Voltage Drop DC Formulas and Processes

Voltage Drop Calculations Using NEC 2026 Chapter 9, Table 8

Purpose:

NEC Chapter 9, Table 8 is used to find conductor properties, including circular mil area and direct-current resistance. For voltage drop work, the most important columns are:

Conductor size

Area in circular mils

Direct-current resistance at 75°C

Resistance in ohms per 1000 feet, if working in feet

Resistance in ohms per 1000 meters, if working in meters

The Table 8 values are DC resistance values at 75°C. This makes Table 8 especially useful for DC voltage drop and for simple resistance-based voltage drop calculations. For more precise AC voltage drop, especially on large conductors or long runs, NEC Chapter 9, Table 9 is normally used because AC circuits also include reactance and impedance.

1. What Voltage Drop Means

Voltage drop is the voltage lost in the conductor because every conductor has resistance.

As current flows through the conductor, some voltage is used up pushing current through that resistance.

Basic idea:  E=I×R

Where:

E = voltage drop, in volts

I = current, in amperes

R = conductor resistance, in ohms

The longer the run, the more resistance.

The smaller the wire, the more resistance.

The more current flowing, the more voltage drop.

Another way to consider it is using DC circuit analysis.  You know that to find the total resistance of resistors wired in series you simply add the value of the resistors. The length of wire is a resistance and think of each foot of wire as a separate resistor. Each foot is “wired” in series with each other; therefore, the total resistance of the conductor is based on the resistance per foot times the number of feet.   

Important NEC Design Guideline

The NEC commonly uses voltage drop as a design recommendation, not usually as a mandatory rule.
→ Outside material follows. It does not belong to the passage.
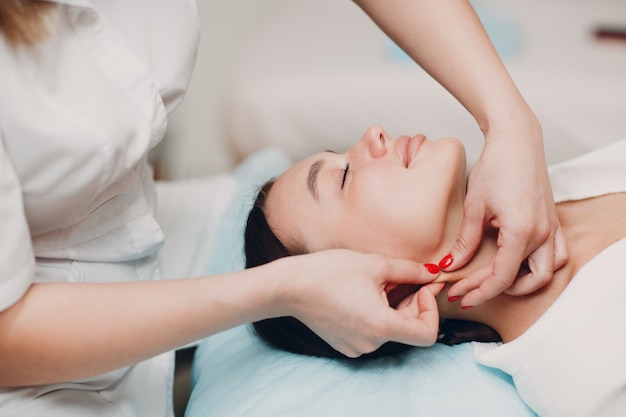 Mujer joven recibiendo masaje de tratamiento facial en el salón de belleza spa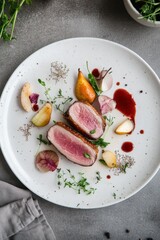 Meticulously arranged sous-vide duck breast with pear compote on a white plate, showcasing modern...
The common NEC informational-note design target is:

Not more than 3% voltage drop on a branch circuit

Not more than 5% total voltage drop for feeder plus branch circuit

The only enforceable NEC voltage-drop limits are special-case rules. The normal 3% branch-circuit and 5% feeder-plus-branch values are design recommendations in Informational Notes, not general enforceable NEC requirements. NEC 90.5(C) says Informational Notes are informational only and are not enforceable as Code requirements.

Enforceable NEC voltage-drop requirements

 Information Needed Before Starting A Voltage Drop Caclulation

Before calculating voltage drop, gather the following:

System voltage: Example: 24 VDC, 120 V, 208 V, 240 V, 480 V

Load current: Use the actual load current when known.

Conductor material: Copper or aluminum.

Conductor size: Example: 8 AWG, 4 AWG, 1/0 AWG, 500 kcmil.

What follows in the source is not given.